Cintos ajustados, um olho na linha do horizonte e o outro nas coisas que teimam em balançar dentro do avião. À nossa frente, quase ajoelhada, imperturbável, a única aeromoça a serviço dos poucos passageiros – morena-jambo de olhos cor-de-mel e alvo sorriso, cabelos negros lisos como os de uma índia -, equilibra-se como pode e enfileira caixinhas de suco artificial, sanduíches, latas de refrigerante e outras coisinhas do precário serviço de bordo.

- Esse sorriso me tranquiliza. E inspira uma crônica.

- Muito bonita, é verdade – concorda Roberto Trevas.

- Parece de origem indiana.

- Ou paquistanesa.

- Qual será o nome dela?

- What’s your name? – pergunta Trevas com o seu impecável inglês de sotaque paraibano. E completa: - Meu amigo aqui é um escritor brasileiro e deseja fazer uma crônica de que você será personagem. Precisa saber o seu nome.

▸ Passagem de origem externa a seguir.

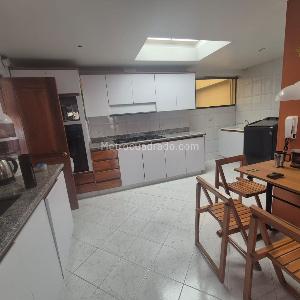 Apartamento en venta en Chico Navarra, Bogotá · foto 7 de 16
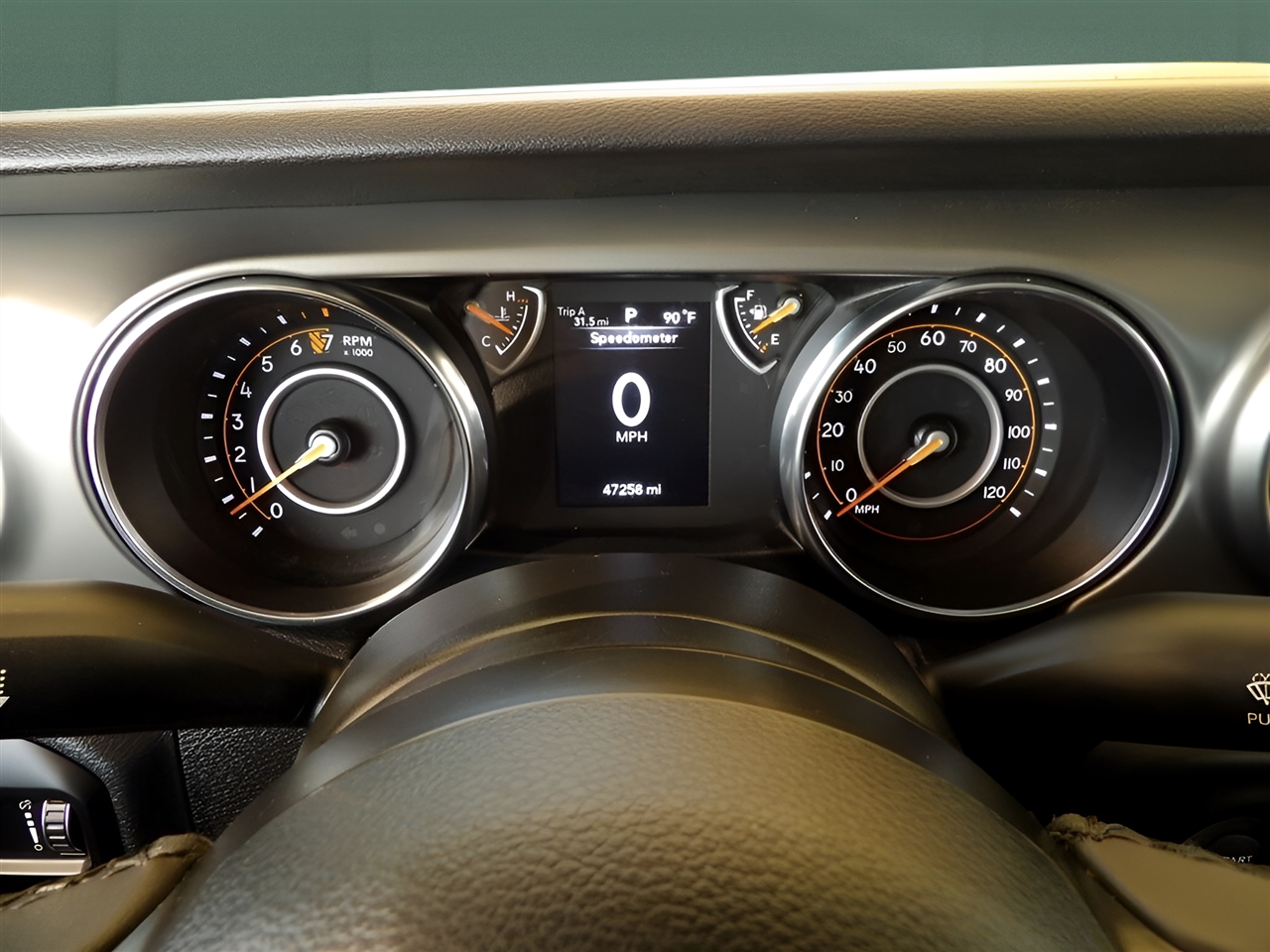 Jeep Gladiator  2023 Jeep Gladiator  2023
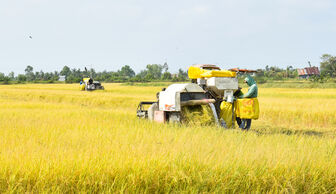 Điểm sáng huy động nguồn lực ở cơ sở
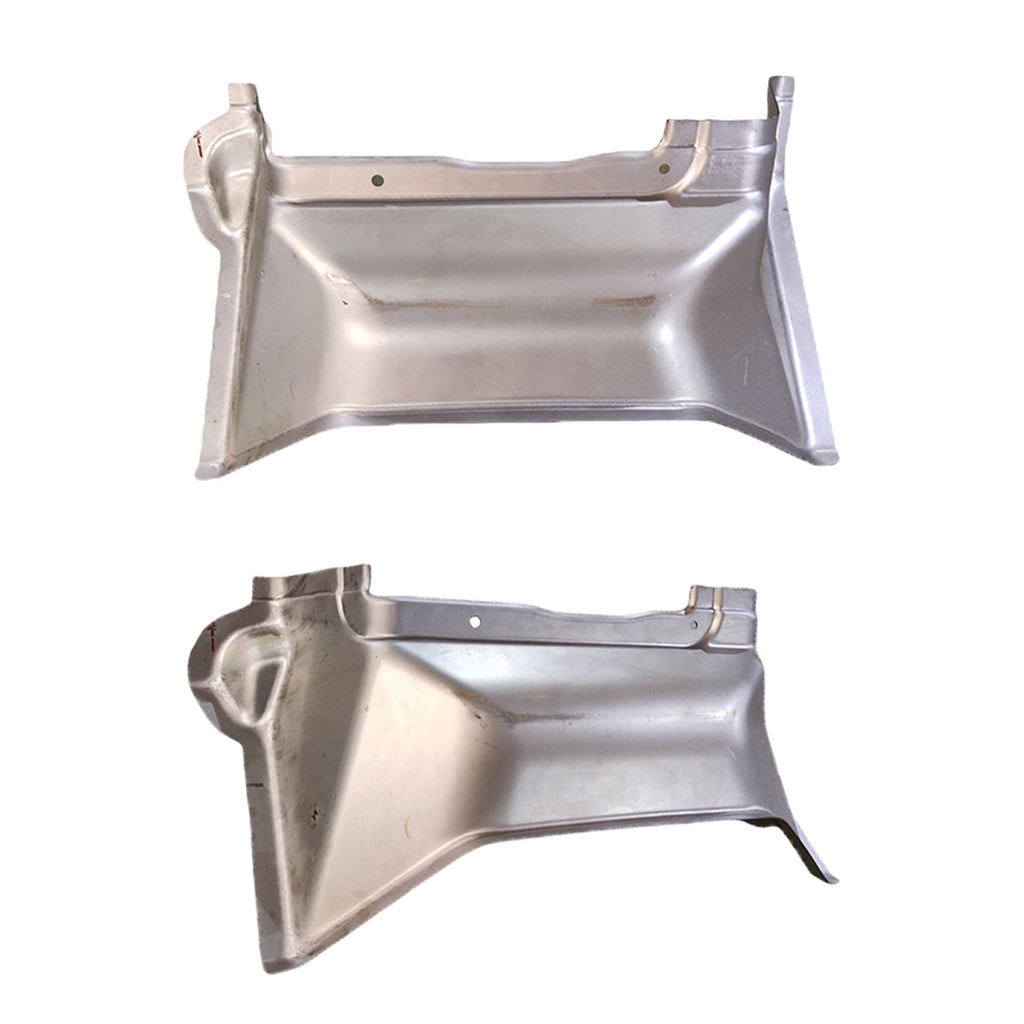 CONNECTION BETWEEN FRONT FLOOR AND FIRE WALL ASSEMBIL, FOR TOYOTA LAND CRUISER FJ40/FJ45 , (STEEL)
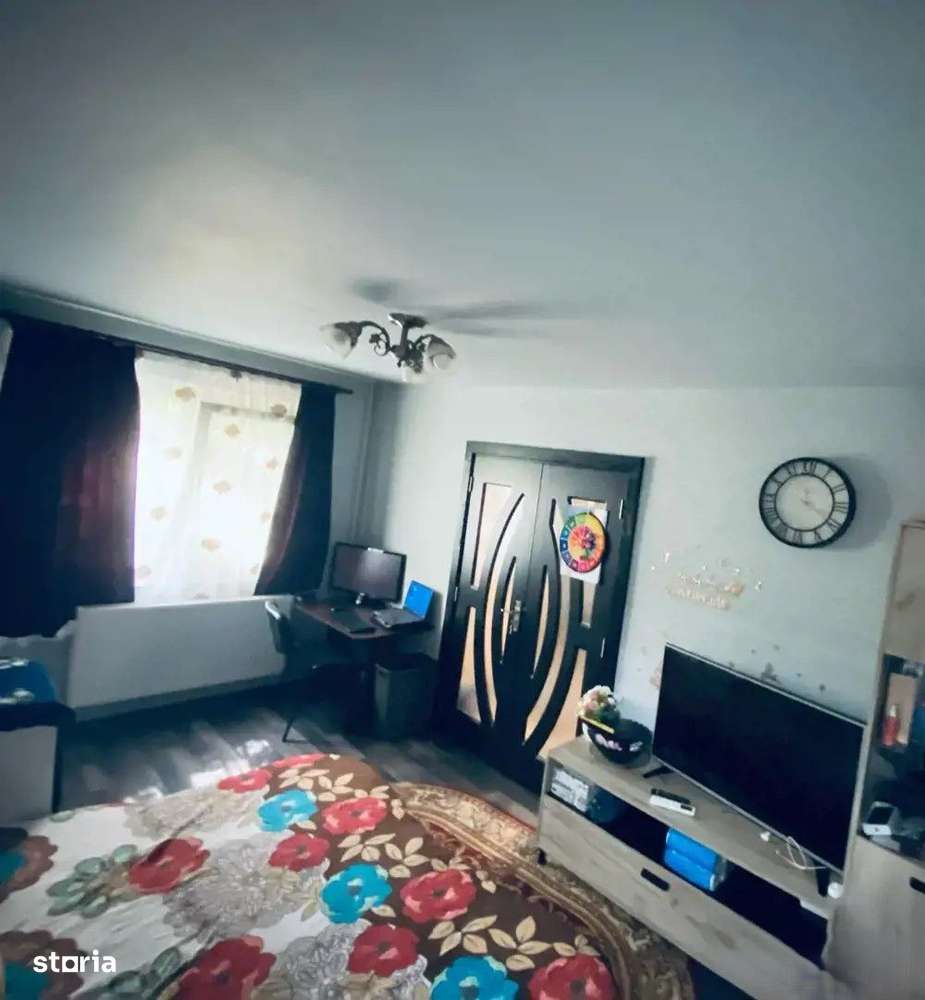 COMISION 0 | Apartament 2 Camere | Etaj 2 | Calea Sagului / Unicarm - Imagine principală: 3/10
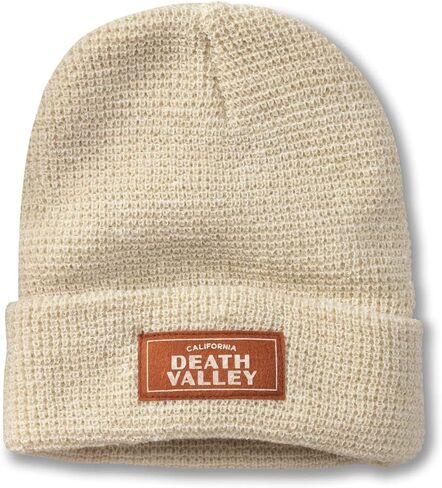 AMERICAN NEEDLE National Park Unisex Basin Knit Cap Beanie (22014A-NP-Parent) in Saudi Arabia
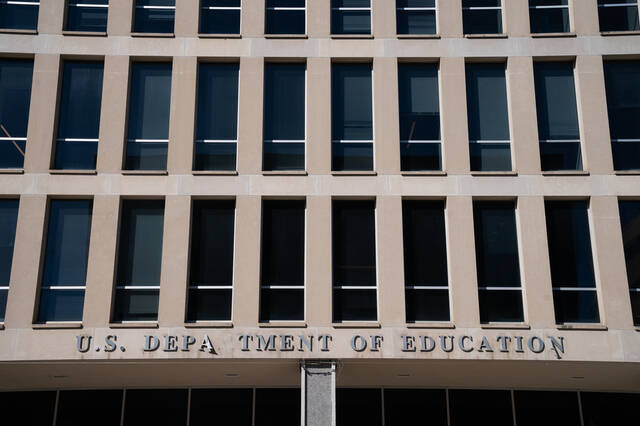 Education Department opens probe into Smith College for admitting trans women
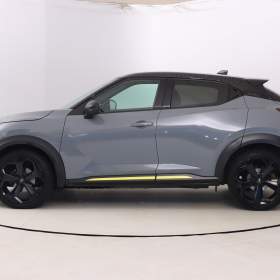 Foto inzerátu Nissan Juke 1.0 DIG-T
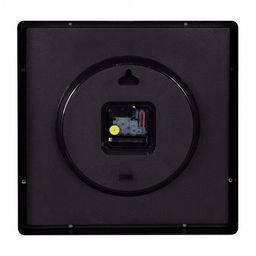 Часы настенные интерьерные «Фактура», бесшумные, плавный ход, 30×30 см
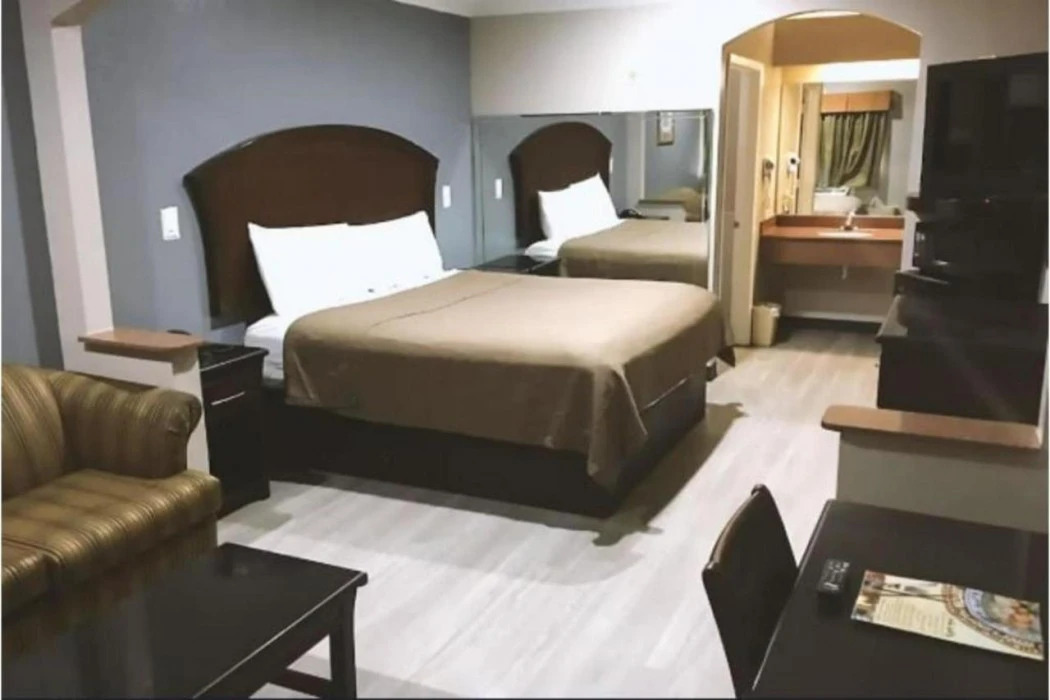 Foto - Hotel O Regency Suites Houston - IAH Beltway 8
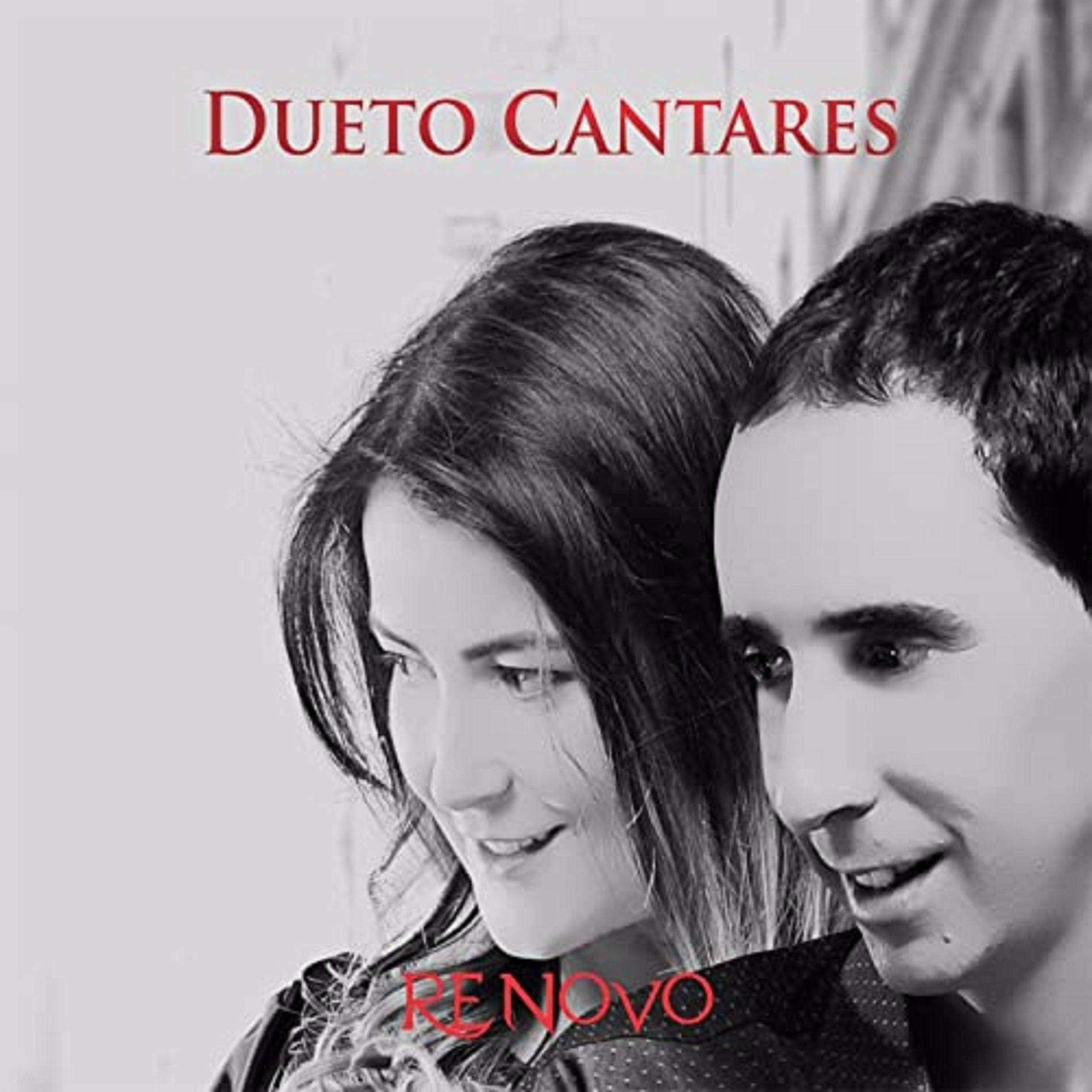 Album cover of Renovo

Sempre sorrindo ela pronuncia algo que não compreendo. Depois escreve numa folha de papel: Loganie. E, apesar do balouçar irritante da aeronave, move-se com habilidade e a todos serve com graça e presteza.

Vergonha ficar assim abalado quando nossa fada-madrinha sul-africana faz o seu trabalho como se nada de anormal houvesse. O sanduíche é sem gosto, o suco tem sabor estranho (de maçã?) e o pensamento voa. Afinal, Vargas vai iniciar o governo com o apoio de apenas um terço da Câmara dos Deputados. Feito o primeiro governo Lula. Tem amplo apoio popular, como Lula, mas a direita oposicionista, comandada pela velha UDN, que nem o PSDB de hoje, o bombardeia com acusações de todos os tipos. Tenta desmoralizar o presidente, acusando-o de conivente com corruptos – embora nenhuma evidência haja de que tenha acobertado um ato ilícito sequer. Mais turbulência – novamente o catabil sobre o oceano. Mas é preciso manter a serenidade – e até sorrir, como Loganie, que se desdobra em gentilezas talvez acreditando que esse amigo de vocês seja mesmo um escritor. Que pense assim, não faz mal. Coisas da vida. E da política. Mal-entendidos e turbulências que devem ser enfrentadas com paciência e leveza.

E assim vamos até Maputo, sob a proteção daquele sorriso apaziguador, que nos dá tranquilidade para voltar à leitura de Quem matou Vargas – 1954, uma tragédia brasileira, de Carlos Heitor Cony (Editora Planeta, 2007). E já em terra firme escrever essa quase-crônica.